When the sensor system 105 detects an impermissible contamination
90 in the stream of fiber flocks 9, the appropriate air nozzle of
the removal unit 109 is caused to blow pressurized air
perpendicularly to the transport direction 91 of the stream of
fiber flocks 9 when the contamination 90 has arrived at the removal
unit 109. Thus, the contamination 90 is blown out into a removal
channel 110 leading away from the fiber transport conduit 101 in a
removal direction 92 essentially perpendicular to the transport
direction 91 of the stream of fiber flocks 9. The uncontaminated
fiber flocks continue on their way with the stream of fiber flocks
9.
[0046] The removal unit 109 can be controlled by the evaluation
unit 107 and/or directly by the sensor system 105. In the latter
case, a microprocessor can be associated with each camera 106, and
the cameras 106 can be directly connected with the removal unit
109. Such direct connections are not drawn in FIG. 1 for the sake
of simplicity. In a further alternative, the removal unit 109 is
controlled by a microprocessor associated with the removal unit 109
itself.
[0047] As mentioned above, a graphical representation of the event
field 200 provided by the evaluation unit 107 can be output on the
output unit 108. Two examples of graphical representations of the
event field 200 are shown in FIG. 2. The event field 200 contains a
quadrant or a part of a quadrant of a two-dimensional Cartesian
coordinate system. A first axis 201, e.g., the abscissa, defines
the first parameter and a second axis 202, e.g., the ordinate,
defines the second parameter. The first parameter can be related to
a geometric characteristic of the entities, and preferably is a
length or an area of the entities. The second parameter can be
related to an optical characteristic of the entities, and
preferably is an intensity of light reflected and/or transmitted by
the entities. The values of the first parameter and the second
parameter determined for an entity are entered in the event field
200 as coordinates of the entity. Thus, an entity is represented by
a graphical symbol 203, 204 such as a dot lying at the location
corresponding to its coordinates. Such a representation of an
entity in the event field 200 is hereinafter called an "event" 203,
204. A plurality of events 203, 204 constitutes a scatter plot 205
showing the coordinates of the corresponding entities.

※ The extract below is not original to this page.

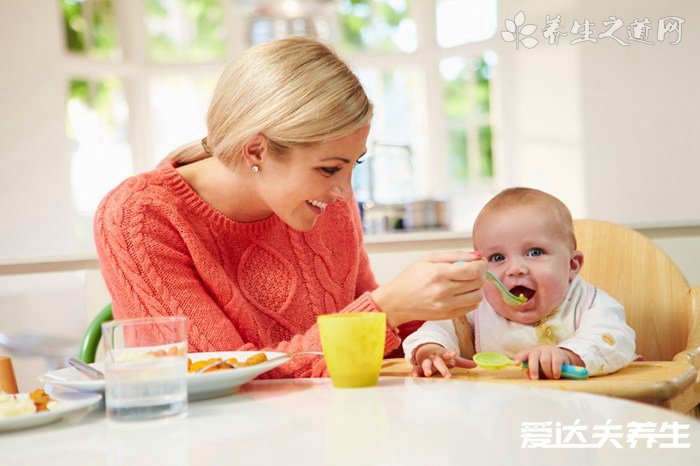 秋季给宝宝怎么养生，学会这4招让宝宝不感冒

[0048] According to an embodiment of the invention, a plurality of
classes of entities in form of non-overlapping areas 210 in the
event field 200 are predetermined. In the example according to FIG.
2, the areas 210 are adjacent rectangles delimited from each other
by straight lines 211, 212 parallel to the first axis 201 and the
second axis 202, respectively. In the exemplified embodiment of
FIG. 2, there are 4.times.5=20 classes 210; other classifications
with other shapes and/or other numbers of classes 210 are possible.

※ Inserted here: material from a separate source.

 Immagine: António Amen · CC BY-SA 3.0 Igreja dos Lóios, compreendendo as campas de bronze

An event 203, 204 is classified in one of the at least two classes
210 when the coordinates of the event 203, 204 lie in the
corresponding area 210. Events 203, 204 classified in at least one
of the at least two classes 210 are counted, and the individual
numbers of events 203, 204 counted are output for each of the at
least one of the at least two classes 210. The numbers of events
203, 204 counted can be output instead of or in addition to the
graphical representation shown in FIG. 2. The classification is
helpful in numerically characterizing the contamination contained
in the stream of fiber flocks 9.
[0049] A removal curve 220 representing a removal limit for
contamination can be drawn in in the event field 200 and
graphically represented together with the event field 200. The
removal limit is predetermined as a criterion for the
permissibility or impermissibility of the entities. Entities
represented by events 203 with coordinates on the one side of the
removal curve 220 are left in the stream of fiber flocks 9, whereas
entities represented by events 204 with coordinates on the other
side of the removal curve 220 are removed from the stream of fiber
flocks 9. Events 203, 204 corresponding to the permissible and
impermissible entities, respectively, can be represented by
different graphical symbols, such as different shapes, different
colors and/or different fillings. In the exemplified embodiment of
FIG. 2, permissible events 203 are represented by blank circles,
whereas impermissible events 204 are represented by filled
circles.
[0050] The removal limit can be predetermined by an operator's
input, can be taken over from a database containing various types
of removal limits, or can be calculated automatically as described
below with reference to FIG. 3.
[0051] In the embodiment of FIG. 2(a), the removal curve 220
follows the class boundaries 211, 212. Alternatively, the removal
curve 220 can be independent of the classes 210 and can thus be
defined by an operator in an essentially free manner. An example of
the latter alternative is shown in FIG. 2(b).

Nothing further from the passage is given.